God answered my prayer. we lived and the property was undamaged. I wouldn’t see the level of devastation until the following day with the coming of daylight. It wouldn’t be until then that i realized just how blessed we were to have survived. In our little town a tornado lifted the roof off the gas station. In Kerrville they had endured biblical amounts of hail and roofs were destroyed, shingles and roof panels laying all over the ground, windows busted out and shattered, there were trees that didn’t have a single leaf left on them. There was a green carpet of shed leaves on every sidewalk and stretch of asphalt. Trees and tree branches were down everywhere. The power was out. In areas where the tornados had touched down trees were missing their tops. It hit the walmart. I didn’t go look but people told me it picked up the basket returns and threw them out of the parking lot and uprooted trees. Somebody said to me “Walmart looks like a war zone.” In my car my tiny hand soap had exploded. Then the pictures began surfacing. It seemed people in town had been having a worse go of it than me huddled under the bed all night.

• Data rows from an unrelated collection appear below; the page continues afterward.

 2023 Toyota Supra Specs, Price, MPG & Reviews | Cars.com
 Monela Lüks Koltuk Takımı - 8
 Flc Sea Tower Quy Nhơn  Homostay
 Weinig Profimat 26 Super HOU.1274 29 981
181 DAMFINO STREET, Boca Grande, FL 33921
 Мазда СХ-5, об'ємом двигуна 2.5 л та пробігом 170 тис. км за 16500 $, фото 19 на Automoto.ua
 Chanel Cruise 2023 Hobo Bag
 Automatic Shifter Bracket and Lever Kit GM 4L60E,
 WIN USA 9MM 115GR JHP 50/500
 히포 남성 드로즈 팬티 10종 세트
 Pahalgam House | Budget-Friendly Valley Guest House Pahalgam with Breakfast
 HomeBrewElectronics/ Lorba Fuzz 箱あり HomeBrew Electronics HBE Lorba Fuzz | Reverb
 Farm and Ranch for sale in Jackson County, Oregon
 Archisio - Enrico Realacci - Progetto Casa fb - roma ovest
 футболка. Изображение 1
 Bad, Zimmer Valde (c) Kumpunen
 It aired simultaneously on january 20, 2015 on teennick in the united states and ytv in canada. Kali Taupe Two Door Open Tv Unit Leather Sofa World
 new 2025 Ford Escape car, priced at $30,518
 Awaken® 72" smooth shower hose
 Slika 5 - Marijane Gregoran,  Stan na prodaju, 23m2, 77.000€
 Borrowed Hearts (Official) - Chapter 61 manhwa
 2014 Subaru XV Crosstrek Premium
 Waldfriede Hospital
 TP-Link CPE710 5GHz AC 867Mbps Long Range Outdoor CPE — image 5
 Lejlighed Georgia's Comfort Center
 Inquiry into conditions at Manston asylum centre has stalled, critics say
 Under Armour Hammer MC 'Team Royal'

Disclaimer: These are not my photos. They were taken by friends and acquaintances. This is all hail.

The following day the weather forecast would predict that another storm capable of much the same would be developing between 1 and 4 pm. Storm chasers arrived in droves, having taken notice of the previous night’s storm and hoping to see more of the same. I hurried to finish my work and then drove like a bat out of **** to beat the black beast in my rearview mirror by seconds as i raced its arrival at my home. Lightening cracked across the sky as i jumped out to chain the gate. I ran the car up on the mulch pile and under the oak trees, gathered my things, hopped out, and ran to the house, black clouds on my heels. It began to rain. I flung the door open, herding the dogs outside and screaming “go potty” over the wind and thunder. Both dogs squatted without fuss and ran back to the house. The chickens, as usual, were standing in the rain like the crazy birds they were. As a huge clap of thunder shook the ground beneath my feet i leapt up the porch steps and twisted the knob, letting the dogs in the house. I didn’t feel that same hair-standing-on-end feeling i had yesterday so for a while we just relaxed in the house and kept an eye on the rain. However, an hour into the storm i began to get uneasy. The dogs seemed antsy. The cold air came through the sides and underneath the door like it had the day before. The sky didn’t look right. The wind picked up, and i had that bad feeling in the pit of my stomach. I began pulling things out from under the bed once more. I moved things frantically about. When i got the space cleared enough i shoved Sili in once again, joined her, and called Cashew. It took some yelling and pushing but both dogs finally laid down instead of trying to stand up under the mattress. Again i made a barrier out of bags of rice. I called my mother. She said that there was a tornado on my street, four streets down from my intersecting street. It was set to move right underneath us, just to the south of where we were crouched under the bed. Both mom and i prayed that it wouldn’t move north at all as it rotated. It didn’t. It skirted underneath us so close that had i been outside i probably would have seen it. I went ahead and ordered an emergency weather radio. It was set to arrive in 5 days. I had to do something. This, was too close.